WHAT YOU WILL DO: Nothing in the data should be left out, so repeat it all exactly.

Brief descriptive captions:
=== Section Start ===
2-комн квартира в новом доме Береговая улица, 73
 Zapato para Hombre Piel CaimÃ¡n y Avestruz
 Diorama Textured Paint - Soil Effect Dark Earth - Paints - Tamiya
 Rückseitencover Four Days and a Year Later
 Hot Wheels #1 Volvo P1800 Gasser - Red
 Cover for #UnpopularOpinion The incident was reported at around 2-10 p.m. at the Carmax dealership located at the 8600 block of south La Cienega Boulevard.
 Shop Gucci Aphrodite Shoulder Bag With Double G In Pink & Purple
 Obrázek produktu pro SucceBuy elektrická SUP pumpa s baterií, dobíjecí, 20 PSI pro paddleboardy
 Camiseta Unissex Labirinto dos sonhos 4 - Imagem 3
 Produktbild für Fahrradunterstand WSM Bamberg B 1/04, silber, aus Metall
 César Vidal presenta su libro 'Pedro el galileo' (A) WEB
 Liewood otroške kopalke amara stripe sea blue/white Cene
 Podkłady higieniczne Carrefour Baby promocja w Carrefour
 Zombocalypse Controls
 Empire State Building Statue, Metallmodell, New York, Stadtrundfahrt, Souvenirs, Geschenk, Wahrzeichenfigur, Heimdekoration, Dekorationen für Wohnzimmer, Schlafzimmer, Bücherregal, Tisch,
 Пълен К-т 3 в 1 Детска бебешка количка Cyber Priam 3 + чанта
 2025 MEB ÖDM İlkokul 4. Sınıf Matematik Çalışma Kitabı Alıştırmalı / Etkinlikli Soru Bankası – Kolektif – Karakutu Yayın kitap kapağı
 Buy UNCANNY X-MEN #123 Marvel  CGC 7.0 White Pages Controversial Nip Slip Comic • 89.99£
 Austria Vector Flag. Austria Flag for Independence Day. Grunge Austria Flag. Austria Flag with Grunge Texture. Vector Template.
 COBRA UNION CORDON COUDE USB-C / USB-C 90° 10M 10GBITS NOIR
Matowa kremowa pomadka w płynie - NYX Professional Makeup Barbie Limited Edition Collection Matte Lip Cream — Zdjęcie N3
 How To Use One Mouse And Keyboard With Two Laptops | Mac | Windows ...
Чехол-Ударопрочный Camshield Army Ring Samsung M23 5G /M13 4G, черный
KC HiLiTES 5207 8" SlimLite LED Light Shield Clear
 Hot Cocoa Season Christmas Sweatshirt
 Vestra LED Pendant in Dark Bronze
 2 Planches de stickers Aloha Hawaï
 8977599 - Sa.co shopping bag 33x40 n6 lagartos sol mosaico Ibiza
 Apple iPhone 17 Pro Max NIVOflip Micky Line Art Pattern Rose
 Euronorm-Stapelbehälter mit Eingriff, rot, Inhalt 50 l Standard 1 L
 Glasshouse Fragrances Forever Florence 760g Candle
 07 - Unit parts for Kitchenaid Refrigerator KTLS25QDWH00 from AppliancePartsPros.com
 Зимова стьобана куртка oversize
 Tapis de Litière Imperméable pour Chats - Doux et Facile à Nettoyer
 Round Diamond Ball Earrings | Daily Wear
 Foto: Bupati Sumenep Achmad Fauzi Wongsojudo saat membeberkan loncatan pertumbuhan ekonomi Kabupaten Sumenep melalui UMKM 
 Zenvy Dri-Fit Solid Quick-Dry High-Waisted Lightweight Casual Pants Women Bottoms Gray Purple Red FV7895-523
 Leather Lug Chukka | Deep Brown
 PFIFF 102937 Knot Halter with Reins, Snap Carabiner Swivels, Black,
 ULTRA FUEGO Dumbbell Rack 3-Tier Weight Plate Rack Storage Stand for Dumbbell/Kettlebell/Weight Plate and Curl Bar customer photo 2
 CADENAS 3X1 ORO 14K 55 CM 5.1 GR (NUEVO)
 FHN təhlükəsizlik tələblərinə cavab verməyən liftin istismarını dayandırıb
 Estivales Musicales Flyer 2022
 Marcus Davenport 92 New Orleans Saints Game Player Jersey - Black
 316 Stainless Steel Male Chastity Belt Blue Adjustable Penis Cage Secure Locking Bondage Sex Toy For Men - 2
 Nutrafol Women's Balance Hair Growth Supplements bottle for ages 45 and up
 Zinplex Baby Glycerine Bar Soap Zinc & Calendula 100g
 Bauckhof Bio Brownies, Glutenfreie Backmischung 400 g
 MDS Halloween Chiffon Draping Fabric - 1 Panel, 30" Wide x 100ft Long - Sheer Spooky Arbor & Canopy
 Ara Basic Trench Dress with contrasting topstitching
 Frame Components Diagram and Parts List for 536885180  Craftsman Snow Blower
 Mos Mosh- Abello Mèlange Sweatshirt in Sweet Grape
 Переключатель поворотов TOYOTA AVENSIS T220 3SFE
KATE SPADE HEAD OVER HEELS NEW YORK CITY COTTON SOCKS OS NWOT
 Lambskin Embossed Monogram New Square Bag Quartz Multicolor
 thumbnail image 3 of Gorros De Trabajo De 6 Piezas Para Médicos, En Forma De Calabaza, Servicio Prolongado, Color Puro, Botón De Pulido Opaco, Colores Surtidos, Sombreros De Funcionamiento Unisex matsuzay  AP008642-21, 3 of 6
=== Section End ===
SOLUTION:
2-комн квартира в новом доме Береговая улица, 73
 Zapato para Hombre Piel CaimÃ¡n y Avestruz
 Diorama Textured Paint - Soil Effect Dark Earth - Paints - Tamiya
 Rückseitencover Four Days and a Year Later
 Hot Wheels #1 Volvo P1800 Gasser - Red
 Cover for #UnpopularOpinion The incident was reported at around 2-10 p.m. at the Carmax dealership located at the 8600 block of south La Cienega Boulevard.
 Shop Gucci Aphrodite Shoulder Bag With Double G In Pink & Purple
 Obrázek produktu pro SucceBuy elektrická SUP pumpa s baterií, dobíjecí, 20 PSI pro paddleboardy
 Camiseta Unissex Labirinto dos sonhos 4 - Imagem 3
 Produktbild für Fahrradunterstand WSM Bamberg B 1/04, silber, aus Metall
 César Vidal presenta su libro 'Pedro el galileo' (A) WEB
 Liewood otroške kopalke amara stripe sea blue/white Cene
 Podkłady higieniczne Carrefour Baby promocja w Carrefour
 Zombocalypse Controls
 Empire State Building Statue, Metallmodell, New York, Stadtrundfahrt, Souvenirs, Geschenk, Wahrzeichenfigur, Heimdekoration, Dekorationen für Wohnzimmer, Schlafzimmer, Bücherregal, Tisch,
 Пълен К-т 3 в 1 Детска бебешка количка Cyber Priam 3 + чанта
 2025 MEB ÖDM İlkokul 4. Sınıf Matematik Çalışma Kitabı Alıştırmalı / Etkinlikli Soru Bankası – Kolektif – Karakutu Yayın kitap kapağı
 Buy UNCANNY X-MEN #123 Marvel  CGC 7.0 White Pages Controversial Nip Slip Comic • 89.99£
 Austria Vector Flag. Austria Flag for Independence Day. Grunge Austria Flag. Austria Flag with Grunge Texture. Vector Template.
 COBRA UNION CORDON COUDE USB-C / USB-C 90° 10M 10GBITS NOIR
Matowa kremowa pomadka w płynie - NYX Professional Makeup Barbie Limited Edition Collection Matte Lip Cream — Zdjęcie N3
 How To Use One Mouse And Keyboard With Two Laptops | Mac | Windows ...
Чехол-Ударопрочный Camshield Army Ring Samsung M23 5G /M13 4G, черный
KC HiLiTES 5207 8" SlimLite LED Light Shield Clear
 Hot Cocoa Season Christmas Sweatshirt
 Vestra LED Pendant in Dark Bronze
 2 Planches de stickers Aloha Hawaï
 8977599 - Sa.co shopping bag 33x40 n6 lagartos sol mosaico Ibiza
 Apple iPhone 17 Pro Max NIVOflip Micky Line Art Pattern Rose
 Euronorm-Stapelbehälter mit Eingriff, rot, Inhalt 50 l Standard 1 L
 Glasshouse Fragrances Forever Florence 760g Candle
 07 - Unit parts for Kitchenaid Refrigerator KTLS25QDWH00 from AppliancePartsPros.com
 Зимова стьобана куртка oversize
 Tapis de Litière Imperméable pour Chats - Doux et Facile à Nettoyer
 Round Diamond Ball Earrings | Daily Wear
 Foto: Bupati Sumenep Achmad Fauzi Wongsojudo saat membeberkan loncatan pertumbuhan ekonomi Kabupaten Sumenep melalui UMKM 
 Zenvy Dri-Fit Solid Quick-Dry High-Waisted Lightweight Casual Pants Women Bottoms Gray Purple Red FV7895-523
 Leather Lug Chukka | Deep Brown
 PFIFF 102937 Knot Halter with Reins, Snap Carabiner Swivels, Black,
 ULTRA FUEGO Dumbbell Rack 3-Tier Weight Plate Rack Storage Stand for Dumbbell/Kettlebell/Weight Plate and Curl Bar customer photo 2
 CADENAS 3X1 ORO 14K 55 CM 5.1 GR (NUEVO)
 FHN təhlükəsizlik tələblərinə cavab verməyən liftin istismarını dayandırıb
 Estivales Musicales Flyer 2022
 Marcus Davenport 92 New Orleans Saints Game Player Jersey - Black
 316 Stainless Steel Male Chastity Belt Blue Adjustable Penis Cage Secure Locking Bondage Sex Toy For Men - 2
 Nutrafol Women's Balance Hair Growth Supplements bottle for ages 45 and up
 Zinplex Baby Glycerine Bar Soap Zinc & Calendula 100g
 Bauckhof Bio Brownies, Glutenfreie Backmischung 400 g
 MDS Halloween Chiffon Draping Fabric - 1 Panel, 30" Wide x 100ft Long - Sheer Spooky Arbor & Canopy
 Ara Basic Trench Dress with contrasting topstitching
 Frame Components Diagram and Parts List for 536885180  Craftsman Snow Blower
 Mos Mosh- Abello Mèlange Sweatshirt in Sweet Grape
 Переключатель поворотов TOYOTA AVENSIS T220 3SFE
KATE SPADE HEAD OVER HEELS NEW YORK CITY COTTON SOCKS OS NWOT
 Lambskin Embossed Monogram New Square Bag Quartz Multicolor
 thumbnail image 3 of Gorros De Trabajo De 6 Piezas Para Médicos, En Forma De Calabaza, Servicio Prolongado, Color Puro, Botón De Pulido Opaco, Colores Surtidos, Sombreros De Funcionamiento Unisex matsuzay  AP008642-21, 3 of 6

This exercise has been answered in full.